ほんとうのことは無価値

 歯に絹着せぬ言動をカッコいいと思う時期がある。忖度なしの発言は気持ちが良いものだが、それは、その場が停滞している場合に限る。大きな権力的な存在のせいで誰もが止まっちゃっている時に、その重石を取り除く行為として発言する分には、周囲から喝采を浴びることになるとは思うのだ。

 例えば会社などで、誰も社長に文句を言えない状況の中で、ヒラ社員だけどクビを恐れずに社長に文句言える人は、その会社内では小さな尊敬を集めているだろう。それをキャラ化して、言いやすい状況を作った努力は認めても良いと思う。でも、それは本人が生きやすい状況を作っただけなのだ。

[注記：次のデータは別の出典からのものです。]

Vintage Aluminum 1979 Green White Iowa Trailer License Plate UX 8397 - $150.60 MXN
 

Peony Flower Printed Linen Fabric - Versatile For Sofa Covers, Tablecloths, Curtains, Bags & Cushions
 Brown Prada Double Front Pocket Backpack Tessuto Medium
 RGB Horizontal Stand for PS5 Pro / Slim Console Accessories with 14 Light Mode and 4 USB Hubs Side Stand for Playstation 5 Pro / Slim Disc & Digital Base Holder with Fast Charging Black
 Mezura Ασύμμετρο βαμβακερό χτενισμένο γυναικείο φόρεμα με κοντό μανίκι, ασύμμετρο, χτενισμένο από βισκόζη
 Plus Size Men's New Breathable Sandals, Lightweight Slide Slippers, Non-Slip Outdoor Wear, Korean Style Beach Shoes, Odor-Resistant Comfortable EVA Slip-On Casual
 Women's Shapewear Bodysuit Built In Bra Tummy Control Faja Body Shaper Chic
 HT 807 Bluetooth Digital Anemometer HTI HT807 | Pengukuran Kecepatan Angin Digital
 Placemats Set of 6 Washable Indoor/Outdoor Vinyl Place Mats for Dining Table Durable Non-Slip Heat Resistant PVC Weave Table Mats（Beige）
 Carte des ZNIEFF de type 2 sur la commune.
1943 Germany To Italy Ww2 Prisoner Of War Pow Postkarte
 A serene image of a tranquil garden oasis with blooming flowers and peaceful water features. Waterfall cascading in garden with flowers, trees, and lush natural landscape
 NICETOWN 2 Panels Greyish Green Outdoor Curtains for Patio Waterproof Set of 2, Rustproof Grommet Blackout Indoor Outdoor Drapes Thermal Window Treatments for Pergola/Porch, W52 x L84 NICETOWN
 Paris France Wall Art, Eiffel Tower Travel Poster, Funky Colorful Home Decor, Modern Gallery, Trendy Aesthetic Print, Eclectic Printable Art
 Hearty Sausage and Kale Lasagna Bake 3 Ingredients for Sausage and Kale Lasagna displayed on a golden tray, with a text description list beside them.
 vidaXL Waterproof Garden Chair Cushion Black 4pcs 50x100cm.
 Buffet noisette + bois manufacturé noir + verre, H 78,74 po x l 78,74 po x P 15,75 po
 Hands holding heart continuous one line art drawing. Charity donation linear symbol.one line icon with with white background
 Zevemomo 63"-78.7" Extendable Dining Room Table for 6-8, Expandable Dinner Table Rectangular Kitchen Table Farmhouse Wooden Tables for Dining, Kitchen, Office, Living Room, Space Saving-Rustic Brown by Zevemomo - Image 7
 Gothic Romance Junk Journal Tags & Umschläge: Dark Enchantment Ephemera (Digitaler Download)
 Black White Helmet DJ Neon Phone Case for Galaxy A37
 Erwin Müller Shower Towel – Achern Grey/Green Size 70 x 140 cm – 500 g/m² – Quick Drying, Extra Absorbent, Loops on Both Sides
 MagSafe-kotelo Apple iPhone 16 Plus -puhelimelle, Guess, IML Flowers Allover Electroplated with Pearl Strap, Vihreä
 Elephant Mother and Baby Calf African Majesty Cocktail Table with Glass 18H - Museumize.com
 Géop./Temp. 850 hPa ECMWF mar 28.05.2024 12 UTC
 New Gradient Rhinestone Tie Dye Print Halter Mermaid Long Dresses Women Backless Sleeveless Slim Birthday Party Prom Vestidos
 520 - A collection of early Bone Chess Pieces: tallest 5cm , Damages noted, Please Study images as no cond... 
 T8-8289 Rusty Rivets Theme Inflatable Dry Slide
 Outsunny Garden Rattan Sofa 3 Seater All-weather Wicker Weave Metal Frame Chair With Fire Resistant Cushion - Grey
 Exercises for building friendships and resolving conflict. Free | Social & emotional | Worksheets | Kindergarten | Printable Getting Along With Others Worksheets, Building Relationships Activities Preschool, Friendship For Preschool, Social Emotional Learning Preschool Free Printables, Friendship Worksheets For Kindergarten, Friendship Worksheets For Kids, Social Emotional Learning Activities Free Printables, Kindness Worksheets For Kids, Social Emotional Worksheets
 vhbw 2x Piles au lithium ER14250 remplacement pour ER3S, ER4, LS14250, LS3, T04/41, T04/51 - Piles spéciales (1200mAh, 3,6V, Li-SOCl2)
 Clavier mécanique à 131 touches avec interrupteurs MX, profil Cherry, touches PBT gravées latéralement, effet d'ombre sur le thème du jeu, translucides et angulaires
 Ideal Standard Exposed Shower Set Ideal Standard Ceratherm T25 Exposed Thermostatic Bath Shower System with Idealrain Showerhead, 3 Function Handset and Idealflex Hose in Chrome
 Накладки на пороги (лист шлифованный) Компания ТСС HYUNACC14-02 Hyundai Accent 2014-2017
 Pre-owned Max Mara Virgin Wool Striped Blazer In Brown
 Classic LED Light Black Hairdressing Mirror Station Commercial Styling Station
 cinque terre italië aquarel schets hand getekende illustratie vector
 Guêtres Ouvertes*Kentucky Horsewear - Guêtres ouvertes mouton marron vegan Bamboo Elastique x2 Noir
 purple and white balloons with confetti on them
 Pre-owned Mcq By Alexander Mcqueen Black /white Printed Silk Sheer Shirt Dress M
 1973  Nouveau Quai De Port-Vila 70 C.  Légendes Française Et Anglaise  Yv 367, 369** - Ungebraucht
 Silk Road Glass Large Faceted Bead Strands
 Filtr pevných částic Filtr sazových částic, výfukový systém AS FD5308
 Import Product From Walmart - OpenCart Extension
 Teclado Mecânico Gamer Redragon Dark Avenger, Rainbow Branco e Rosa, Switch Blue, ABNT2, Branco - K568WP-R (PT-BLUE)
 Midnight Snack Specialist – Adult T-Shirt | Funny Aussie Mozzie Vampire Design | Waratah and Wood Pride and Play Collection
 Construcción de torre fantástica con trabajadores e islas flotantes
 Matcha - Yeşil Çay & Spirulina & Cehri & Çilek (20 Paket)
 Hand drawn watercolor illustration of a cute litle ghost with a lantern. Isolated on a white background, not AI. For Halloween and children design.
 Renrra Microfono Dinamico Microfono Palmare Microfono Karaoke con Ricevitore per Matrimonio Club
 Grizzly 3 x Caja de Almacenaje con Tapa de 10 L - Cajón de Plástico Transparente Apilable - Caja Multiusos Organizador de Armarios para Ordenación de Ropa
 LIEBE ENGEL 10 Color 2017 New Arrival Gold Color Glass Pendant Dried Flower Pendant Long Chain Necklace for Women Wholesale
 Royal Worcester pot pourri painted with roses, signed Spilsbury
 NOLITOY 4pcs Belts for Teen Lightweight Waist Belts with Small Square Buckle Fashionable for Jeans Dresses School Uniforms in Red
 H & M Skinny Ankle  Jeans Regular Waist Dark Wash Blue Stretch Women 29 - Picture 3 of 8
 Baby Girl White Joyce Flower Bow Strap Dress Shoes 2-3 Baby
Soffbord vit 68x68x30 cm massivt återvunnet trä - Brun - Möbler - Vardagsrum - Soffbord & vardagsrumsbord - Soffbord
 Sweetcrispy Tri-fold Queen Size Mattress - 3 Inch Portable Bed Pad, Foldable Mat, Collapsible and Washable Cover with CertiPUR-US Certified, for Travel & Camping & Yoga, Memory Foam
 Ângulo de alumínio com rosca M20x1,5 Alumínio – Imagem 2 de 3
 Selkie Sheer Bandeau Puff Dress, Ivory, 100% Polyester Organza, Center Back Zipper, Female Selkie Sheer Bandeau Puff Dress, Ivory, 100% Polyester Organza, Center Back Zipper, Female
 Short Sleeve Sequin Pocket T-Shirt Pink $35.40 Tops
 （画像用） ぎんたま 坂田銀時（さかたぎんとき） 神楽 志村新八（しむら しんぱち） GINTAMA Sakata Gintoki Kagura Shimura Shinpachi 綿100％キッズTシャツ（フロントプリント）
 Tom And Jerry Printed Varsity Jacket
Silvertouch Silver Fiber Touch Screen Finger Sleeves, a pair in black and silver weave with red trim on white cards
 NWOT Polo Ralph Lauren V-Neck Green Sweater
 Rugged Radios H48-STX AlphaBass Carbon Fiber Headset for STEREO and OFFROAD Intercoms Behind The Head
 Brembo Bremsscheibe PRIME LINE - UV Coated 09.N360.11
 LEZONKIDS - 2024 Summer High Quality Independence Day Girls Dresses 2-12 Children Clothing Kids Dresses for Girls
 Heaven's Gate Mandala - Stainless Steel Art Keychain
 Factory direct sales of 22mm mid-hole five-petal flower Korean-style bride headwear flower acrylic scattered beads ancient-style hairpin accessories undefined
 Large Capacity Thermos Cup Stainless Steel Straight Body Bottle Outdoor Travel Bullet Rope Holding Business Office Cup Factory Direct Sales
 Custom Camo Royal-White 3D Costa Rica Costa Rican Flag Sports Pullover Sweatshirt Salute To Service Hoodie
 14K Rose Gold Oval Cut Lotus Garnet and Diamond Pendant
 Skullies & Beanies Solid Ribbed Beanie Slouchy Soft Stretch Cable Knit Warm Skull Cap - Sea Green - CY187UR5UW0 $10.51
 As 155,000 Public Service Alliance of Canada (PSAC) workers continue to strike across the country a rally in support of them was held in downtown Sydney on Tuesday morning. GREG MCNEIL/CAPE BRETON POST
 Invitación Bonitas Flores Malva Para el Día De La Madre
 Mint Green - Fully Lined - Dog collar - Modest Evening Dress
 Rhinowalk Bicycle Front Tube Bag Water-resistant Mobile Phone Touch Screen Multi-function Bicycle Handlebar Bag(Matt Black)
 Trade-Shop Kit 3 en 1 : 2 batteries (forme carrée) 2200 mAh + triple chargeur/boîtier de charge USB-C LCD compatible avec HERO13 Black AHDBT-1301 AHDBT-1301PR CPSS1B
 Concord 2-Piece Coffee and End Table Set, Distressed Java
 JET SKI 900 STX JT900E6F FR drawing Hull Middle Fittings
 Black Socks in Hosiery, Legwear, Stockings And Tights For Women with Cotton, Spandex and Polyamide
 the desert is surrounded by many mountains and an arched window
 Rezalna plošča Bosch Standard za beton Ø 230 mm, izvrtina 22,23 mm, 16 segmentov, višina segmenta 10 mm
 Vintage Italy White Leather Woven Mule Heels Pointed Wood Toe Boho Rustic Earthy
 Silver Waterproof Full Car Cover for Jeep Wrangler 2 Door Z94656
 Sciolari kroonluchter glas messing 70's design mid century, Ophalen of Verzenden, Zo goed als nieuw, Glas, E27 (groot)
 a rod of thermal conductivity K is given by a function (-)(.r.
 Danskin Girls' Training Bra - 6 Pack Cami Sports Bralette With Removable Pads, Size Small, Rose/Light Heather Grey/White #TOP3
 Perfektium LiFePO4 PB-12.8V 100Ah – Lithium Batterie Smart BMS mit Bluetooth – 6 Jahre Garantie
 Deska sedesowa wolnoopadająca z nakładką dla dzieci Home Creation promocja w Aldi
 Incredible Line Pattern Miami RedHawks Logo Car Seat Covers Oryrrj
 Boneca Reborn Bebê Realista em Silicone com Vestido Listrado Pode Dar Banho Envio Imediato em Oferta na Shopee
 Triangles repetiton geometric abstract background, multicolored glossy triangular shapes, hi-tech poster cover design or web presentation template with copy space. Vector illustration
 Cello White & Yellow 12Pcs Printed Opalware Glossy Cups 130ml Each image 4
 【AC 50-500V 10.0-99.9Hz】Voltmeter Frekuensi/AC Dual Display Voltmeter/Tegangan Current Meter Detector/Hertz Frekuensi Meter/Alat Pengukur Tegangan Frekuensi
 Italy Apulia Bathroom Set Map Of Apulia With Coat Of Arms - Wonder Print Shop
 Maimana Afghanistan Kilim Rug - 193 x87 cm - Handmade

 その成功体験を仕事以外の場面に持ち込むと、単なる厄介キャラに陥ってしまうことになる。酒場の常連たちとの関係性に「ぶっちゃけキャラ」というのはステレオタイプに過ぎる。むしろ、もともと本音以外は話さない。素の自分が話す本音なので、キャラとしてのぶっちゃけは白々しく感じる。

 そういう本音至上主義の中で、いかにキャラ立ちできるかに心血を注いでしまう人がいる。目立とう、頭ひとつ抜けようというマウント行為は無駄なのだが、それらの意思は染み付いた性質なのだろう。本音というのは必ずしも攻撃的なものではないのだけれど、目立ちたい人の本音は過激化する。

 酒場で酒が入ると悪口しか言わない人の筋道は、こんな風に悪目立ちでも抜けたい願望なのではないかと想像する。それを注意、または指摘すると、その親切心もまた攻撃対象になる。そうやって孤立し、次第に相手にされなくなる。たぶん、自分で自分を追い詰めていることは自覚しているのだ。

 でも、そもそもキャラ武装する人を「強い」とは思わないので、周りの人は基本的に心配している。本人的には弱さを見せたくないと思って武装しているのに、その武装が弱さの象徴だという矛盾がある。逆に弱点を晒して生きる「本性丸出しの人」とも言えるが、その評価は本意じゃないだろう。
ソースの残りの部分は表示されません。